This mural, painted by Mark Monken, depicts the Coles County Courthouse within the Charleston downtown square as it appeared around the turn of the century (c. 1900) - a time when Charleston was a booming city. In an excellent use of perspective, this mural illustrates a lively courthouse square, bustling with activity. If you look closely at the individuals painted in the foreground, you will see the faces of current Charleston residents.
The Historic Charleston mural depicts a town that has not yet been affected by the automobile age. During the period shown here, the central courthouse square was still the political, economic, and social center of the region. Most of the town's activity remained on the square as the courthouse and major businesses attracted many visitors from the surrounding countryside. This mural is based on a panoramic photograph taken sometime during the first decade of the twentieth century (shown below in two sections).
The photograph illustrates that Charleston was still a horse-and-buggy town at the turn of the century. Within the mural though, the trolly line (called the Interurban) is depicted. The Central Illinois Traction Company opened the interurban railway in 1904, which connected Charleston and Mattoon with electric trolleys. Cars ran every hour from 5:30am to 11:30pm and not only hauled passengers, but mail and freight as well. It reveals one of many innovations in transportation that occurred throughout the nation during the turn of the century.

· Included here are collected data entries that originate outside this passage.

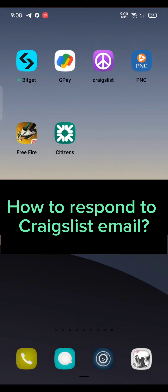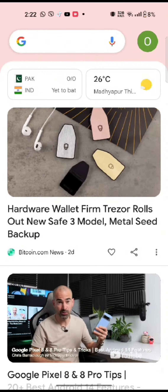Hi everyone, welcome back to a new episode of 'How to Login.' Today in this video I'm going to show you how you can respond to a Craigslist email. To respond to a Craigslist email, firstly open your Google search, type in Craigslist, and make a search.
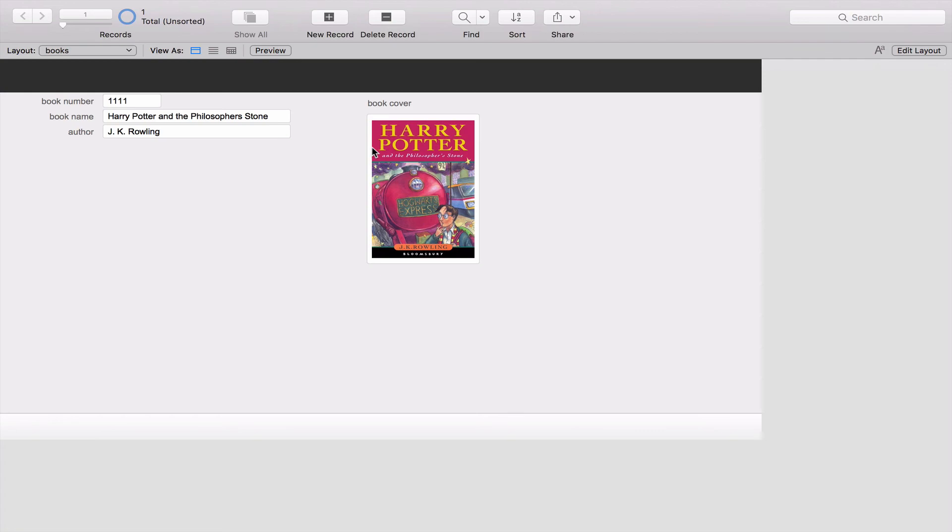So in our next video we're going to make a third table and I hope you'll realize how this is going to make sense. With a names table and a books table why do we need a third table? So in the next video we're going to explain what we're going to do with this database.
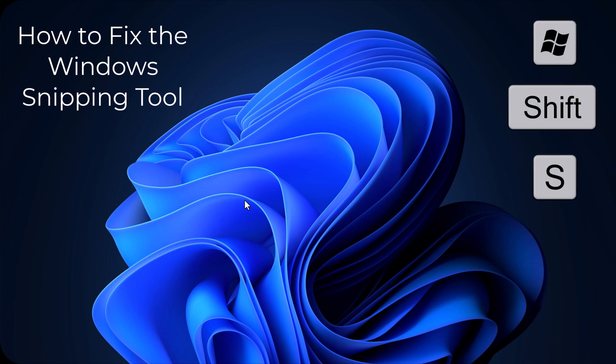If your snipping tool isn't opening, or that shortcut works once and then doesn't work again, we can get that fixed.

An accident on August 20, 1907, resulted in the collision of a freight car with a passenger car. Eighteen people died and 50 were injured in what was described at the time as the "world's worst interurban wreck." The incident reveals that sometimes technological innovations come with a high price.
In 1926, the interurban was abandoned for a number of reasons - one of which was the advent of the automobile.
Further questions: How has downtown Charleston changed since the turn of the century? How did the transportation revolution affect the town and its inhabitants? What is the significance of the central courthouse square in American history and life? How does the study of the built environment contribute to our understanding of American history?